Some scholars such as Jonathan H. King and Neil M. Richards are redefining the traditional meaning of privacy, and others to question whether or not privacy still exists.[9] In a 2014 article for the Wake Forest Law Review, King and Richard argue that privacy in the digital age can be understood not in terms of secrecy but in term of regulations which govern and control the use of personal information.[9] In the European Union, the right to be forgotten entitles EU countries to force the removal or de-linking of personal data from databases at an individual's request if the information is deemed irrelevant or out of date.[17] According to Andrew Hoskins, this law demonstrates the moral panic of EU members over the perceived loss of privacy and the ability to govern personal data in the digital age.[18] In the United States, citizens have the right to delete voluntarily submitted data.[17] This is very different from the right to be forgotten because much of the data produced using big data technologies and platforms are not voluntarily submitted.[17] While traditional notions of privacy are under scrutiny, different legal frameworks related to privacy in the EU and US demonstrate how countries are grappling with these concerns in the context of big data. For example, the "right to be forgotten" in the EU and the right to delete voluntarily submitted data in the US illustrate the varying approaches to privacy regulation in the digital age.[19]

How much data is worth

[edit]

The difference in value between the services facilitated by tech companies and the equity value of these tech companies is the difference in the exchange rate offered to the citizen and the "market rate" of the value of their data. Scientifically there are many holes in this rudimentary calculation: the financial figures of tax-evading companies are unreliable, either revenue or profit could be more appropriate, how a user is defined, a large number of individuals are needed for the data to be valuable, possible tiered prices for different people in different countries, etc. Although these calculations are crude, they serve to make the monetary value of data more tangible. Another approach is to find the data trading rates in the black market. RSA publishes a yearly cybersecurity shopping list that takes this approach.[20]

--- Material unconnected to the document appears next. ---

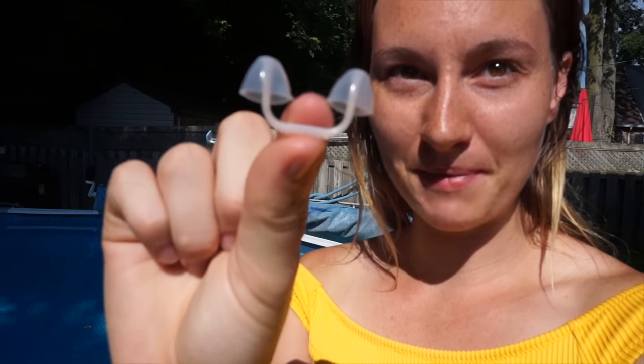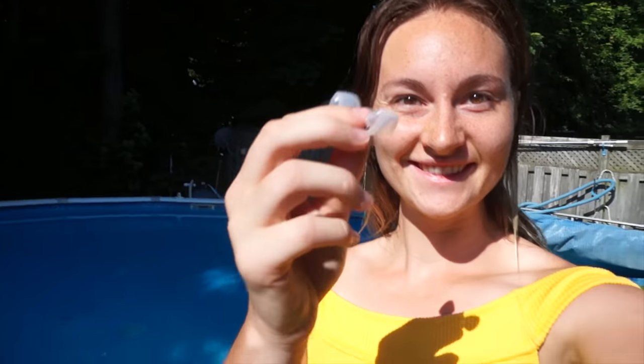Hello mermaids, it's Marielle from Aqua Mermaid, and today we'll do a review about the Sinners Saver nose plug. It's amazing because it's transparent and you almost can't see it when you put it in the water, because you put it inside your nose.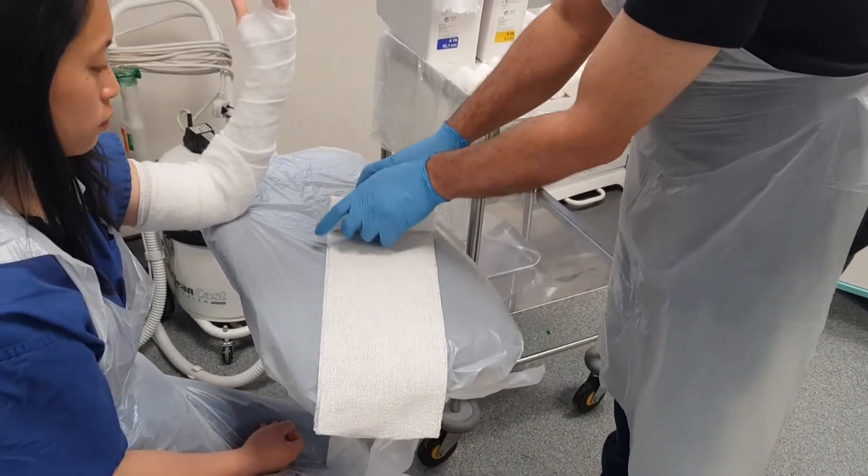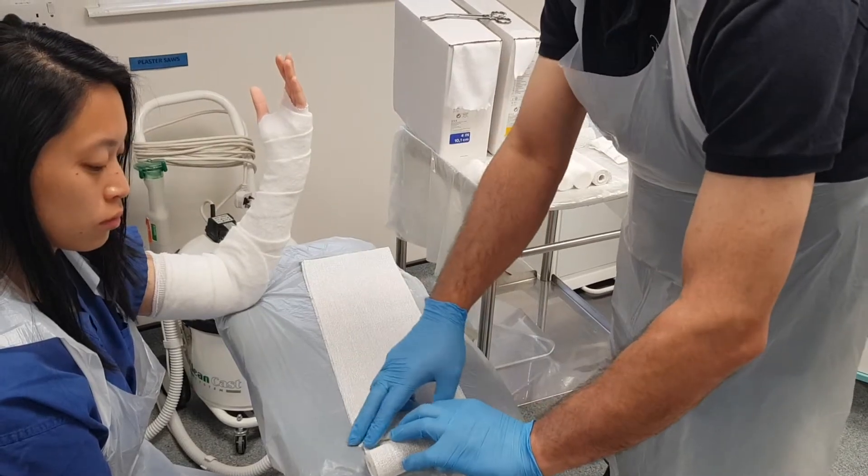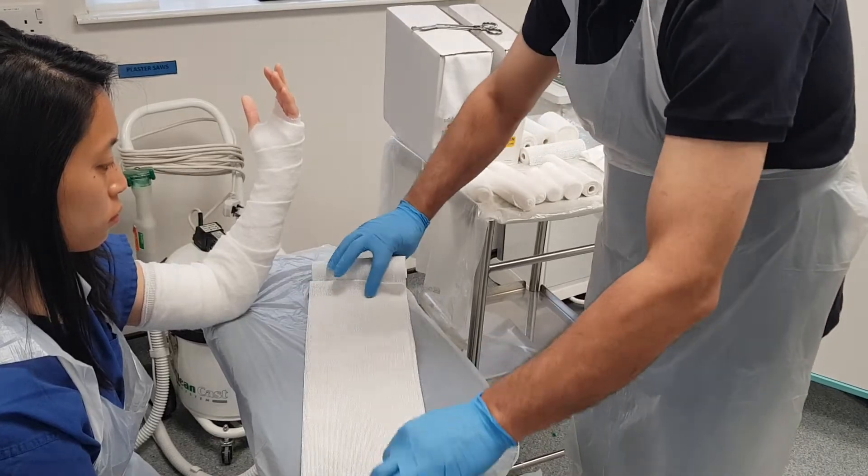Now the weak point of the elbow plaster is at the elbow joint itself, so we're going to reinforce this with a U-slab which goes around the elbow.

This raises the economic question of whether free tech services in exchange for personal data is a worthwhile implicit exchange for the consumer. In the personal data trading model, rather than companies selling data, an owner can sell their personal data and keep the profit.[21]

Openness

[edit]

The idea of open data is centered around the argument that data should be freely available and should not have restrictions that would prohibit its use, such as copyright laws. As of 2014 many governments had begun to move towards publishing open datasets for the purpose of transparency and accountability.[22] This movement has gained traction via "open data activists" who have called for governments to make datasets available to allow citizens to themselves extract meaning from the data and perform checks and balances themselves.[22][9] King and Richards have argued that this call for transparency includes a tension between openness and secrecy.[9]

Activists and scholars have also argued that because this open-sourced model of data evaluation is based on voluntary participation, the availability of open datasets has a democratizing effect on a society, allowing any citizen to participate.[23] To some, the availability of certain types of data is seen as a right and an essential part of a citizen's agency.[23]

Open Knowledge Foundation (OKF) lists several dataset types it argues should be provided by governments for them to be truly open.[24] OKF has a tool called the Global Open Data Index (GODI), a crowd-sourced survey for measuring the openness of governments,[24] based on its Open Definition. GODI aims to be a tool for providing feedback to governments about the quality of their open datasets.[25]

Willingness to share data varies from person to person. Preliminary studies have been conducted into the determinants of the willingness to share data. For example, some have suggested that baby boomers are less willing to share data than millennials.[26]

Historical cases

[edit]

Snowden disclosures

[edit]

The fallout from Edward Snowden’s disclosures in 2013 significantly reshaped public discourse around data collection and the privacy principle of big data ethics. The case revealed that governments controlled and possessed far more information about civilians than previously understood, violating the principle of ownership, particularly in ways that disproportionately affected disadvantaged communities. For instance, activists were frequently targeted, including members of movements such as Occupy Wall Street and Black Lives Matter.[14] This revelation prompted governments and organizations to revisit data collection and storage practices to better protect individual privacy while also addressing national security concerns. The case also exposed widespread online surveillance of other countries and their citizens, raising important questions about data sovereignty and ownership. In response, some countries, such as Brazil and Germany, took action to push back against these practices.[14] However, many developing nations lacked the technological independence necessary or were too generally dependent on the nations surveilling them to resist such surveillance, leaving them at a disadvantage in addressing these concerns.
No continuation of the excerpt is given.